Filming Bodyguard meant shooting steamy sex scenes with co-star Richard Madden, 32, — the bodyguard of the title — but she says their 11-year age gap “was not ever mentioned”.
She also reveals how Home Secretary Amber Rudd approached her while she was having dinner at London’s Wolseley “and was very supportive of my interpretation”.
It is six months since the pulsating drama ended, but she still gets people asking whether her character really did die in the bomb blast.
Keeley says: “It’s the most flattering thing ever, that people won’t hear I’m dead, because they could have been quite relieved I’m gone. So many people come up to me and go, ‘I lost a bet because of you! I said you’d come back and you didn’t.”
So Julia Montague is dead?
“Yes!”
Being married to a fellow actor has its advantages and disadvantages — one of the latter is feeling lonely when either she or Matthew are away filming.
Keeley says: “It’s just quite difficult. Every job Matthew gets seems to be away for some reason, and it’s really hard. Really hard. We say we’ll make it work and most of the time we do.
“We try to do it so one of us is always there for the children, so I’ll do a job and then he’ll do a job, without too many crossover periods.
“But it’s lonely. Matthew’s the cook, so when he was away I got quite thin. I’d just stand at the fridge and eat a bit of cheese.
“Now he’s back you can hear the pans coming out every night again. It’s not even something we think about.
“We have been married for 15 years so we’re finely tuned. It just works.”
Given that she is often cast as tough, powerful women, it is a surprise when Keeley says she suffered from anxiety as a teenager and often “worried” about life.
But now she feels comfortable in her own skin.

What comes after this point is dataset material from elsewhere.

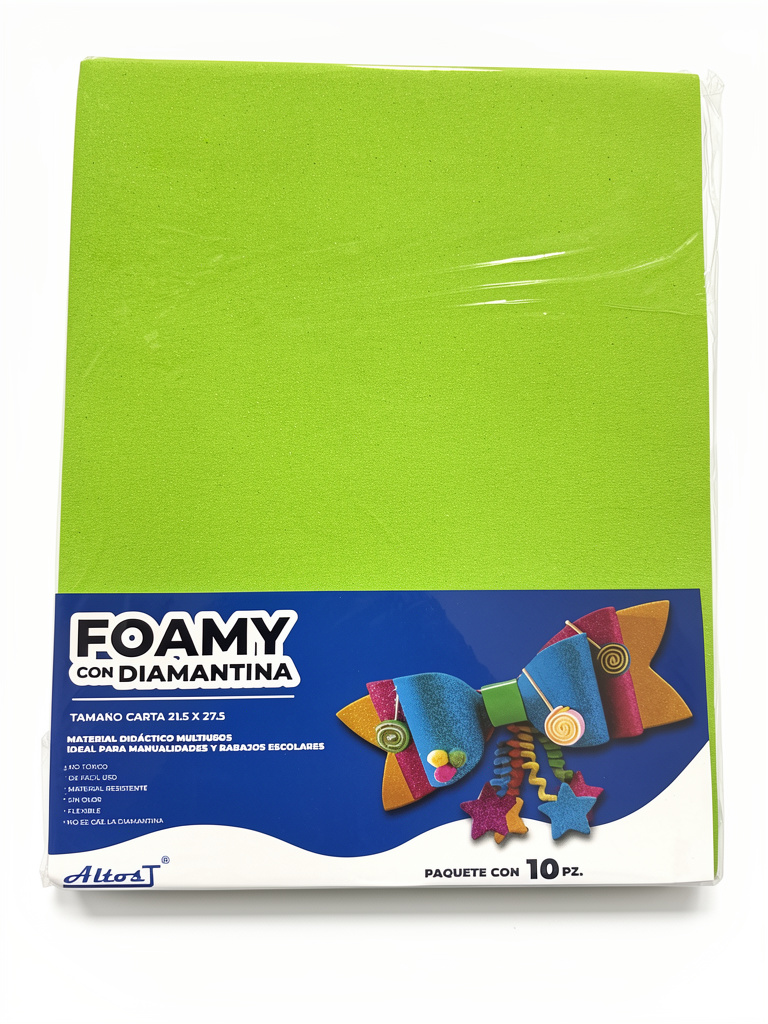 Foamy carta diamantado verde limón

It helps that these days there are plenty of meaty roles for actresses in their forties.
She says: “I still feel like I’m one of the youngest but people are looking at you for advice.
“It’s not bad, it’s a great feeling, though inside I still think I’m 18.
“Historically, you’re not supposed to be getting to my age and having the time of your life, but the parts are getting much more interesting.
“Until a couple of years ago I felt apologetic for being as busy as I am, which is very odd.
“So I have had to have a word with myself. I’m no longer apologetic. It doesn’t all end in your forties. There are lots of us [40-plus actresses] now and great parts are being written for us. Times are changing.”
But when it comes to getting the same pay packet as her male co-stars, Keeley said she is only just getting on an equal footing.
In the candid interview with The Times magazine, she says: “I’ve only just asked to be paid the same to do exactly the same work as someone else.
“In the past it was a case of take it, no questions asked, because if you don’t someone else will.
“You need a big profile to be able to stand up for yourself. Generally, the statistics for women’s pay are still horrific compared with men’s, but it’s all moving in the right direction.”
It is something she discusses with her children.
“It’s part of that generation’s culture to talk about feminism, the environment, the big issues of our lives. They are politicised in a way that I certainly wasn’t. My 18-year-old is incredibly upset by Brexit.
“He was 16 when the referendum happened and there was that frustration that he couldn’t vote.”
Ah, back to Brexit. We need Bodyguard 2, and fast.